Large-scale integrated optoelectronic chaos for machine learning acceleration

Chaos finds widespread use in modern machine learning, yet its implementations in traditional nonlinear circuits have encountered speed bottlenecks due to ever-expanding computational needs. The optical chaotic source offers an attractive alternative, combining ultra-wideband capabilities, inherent nonlinearity, and massive parallelism. However, existing photonic schemes typically trade off between the single-channel throughput and multi-channel scalability, preventing effective learning acceleration of large-scale tasks. Here, an integrated microcomb-optoelectronic chaos engine (iMOCE) is demonstrated. By using a microcomb to optoelectronic nonlinear cavity, massively parallel channels with a 6-dB bandwidth of 25 GHz per channel are achieved, representing a two-order-of-magnitude improvement over previous approaches using microcombs. The proposed iMOCE achieves a total random-bit generation rate of 32.768 Tbps (1.024 Tbps per channel), unparalleled by existing optical chaotic sources. The chip is fabricated in a commercial foundry and is compatible with wafer-scale production, ensuring manufacturability and scalability.
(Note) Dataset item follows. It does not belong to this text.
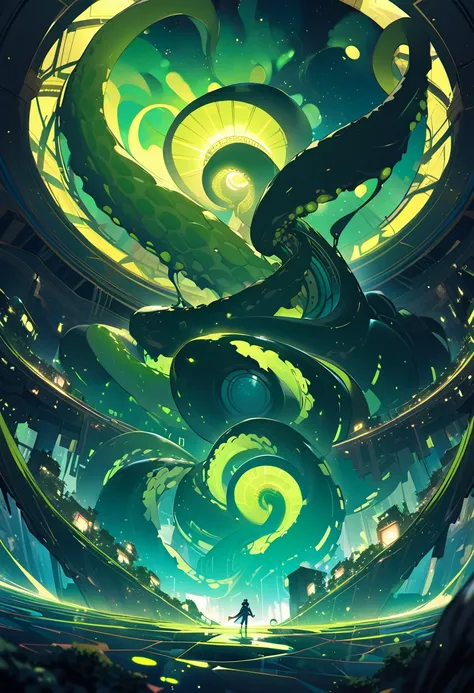 A gigantic floating cuboid structure with dark, twisting tentacles, radiating an intense green light from the circular patterns and eyes with illuminated symbols embedded in their faces. The scene has a dark and futuristic atmosphere., with a greenish-yell...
To showcase its learning acceleration capability, the iMOCE is applied to four learning accelerator tasks, including the multi-armed bandit problem, connect-3 game, traveling-salesman solving, and electrocardiogram trace recognition task. Compared with MCU/GPU baselines, iMOCE reduces per-inference time by about two orders of magnitude across tasks. By bridging wafer-scale integrated photonics with probabilistic computing, our iMOCE establishes a scalable, massively parallel chaos primitive for accelerating learning, decision-making, and combinatorial optimization.